Gen Açıklama Verilerinin Sınıflandırılmasında Yeni Bir Özellik Seçimi Yöntemi
Özet
Emergence of DNA microarray datasets started up a crucial research subject for both bioinformatics and machine learning. This type of data is obtained from tissue or cell samples and used to collect information that may be useful for disease diagnosis or distinguishing specific types of tumors. The biggest difficulty about this type of data – which is known as gene expression data – is that it includes information of thousands of genes whereas sample sizes are limited in a few dozens. This causes a disadvantage to correct classification of data.

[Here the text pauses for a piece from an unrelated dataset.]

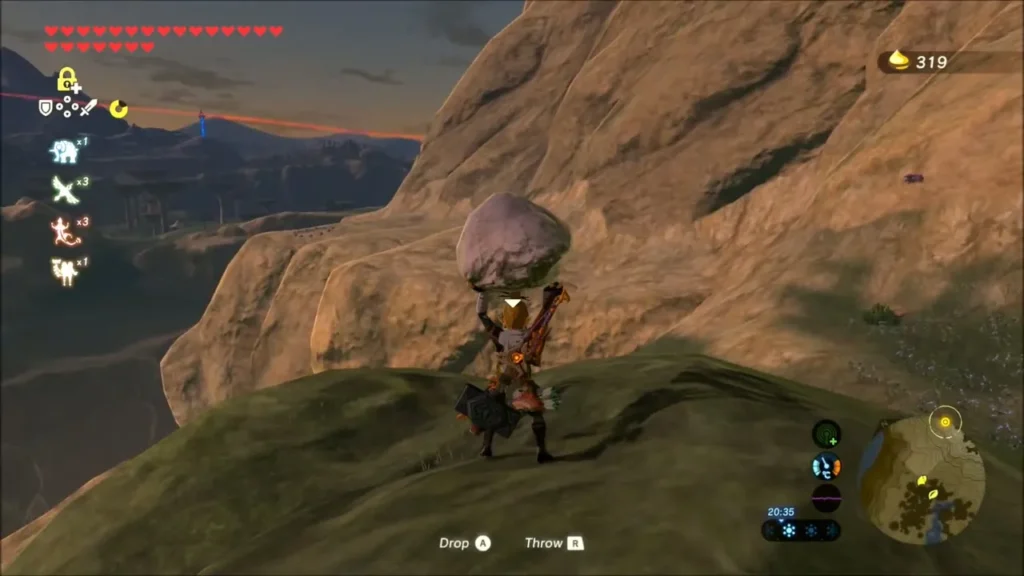 Link holding a rock overhead on a grassy hill at dusk Link holding a rock overhead on a grassy hill at dusk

Effective use of classification methods on gene expression data with thousands of genes and a small amount of sample size plays a vital role in diagnosis and treatment of illnesses. In large datasets like these, it is helpful to use feature selection which is a pre-processing step to increase the classification performance by selecting most related and informative features. Feature selection methods are described in three categories in the literature as filter, wrapper, and embedded methods. Filter methods are statistical feature selection methods that aim to select best feature subsets based on a certain evaluation measurement, independent from the classification algorithm
In this thesis, a new filter method for feature selection is suggested, namely “Feature Selection Algorithm based on Effective Ranges (FSAER)”. The suggested method aims to improve two current methods in the literature, namely “Effective Range based Gene Selection (ERGS)” and “Improved Feature Selection based on Effective Range (IFSER)”. ERGS and IFSER methods assign equal weight values to all discrete ranges. FSAER defines a new total area by taking discrete ranges into consideration in addition to having the advantages of ERGS and IFSER.
FSAER and five current filter methods are applied to six different open access gene expression datasets in order to validate the effectiveness of the suggested algorithm. Then, several classification methods (support vector machine, Naive Bayes, k-nearest neighbor) are employed to obtain the classification accuracies of the selected gene subsets. Findings of the applications are examined and FSAER is found to have highly effective results with regards to classification accuracy compared to the other methods.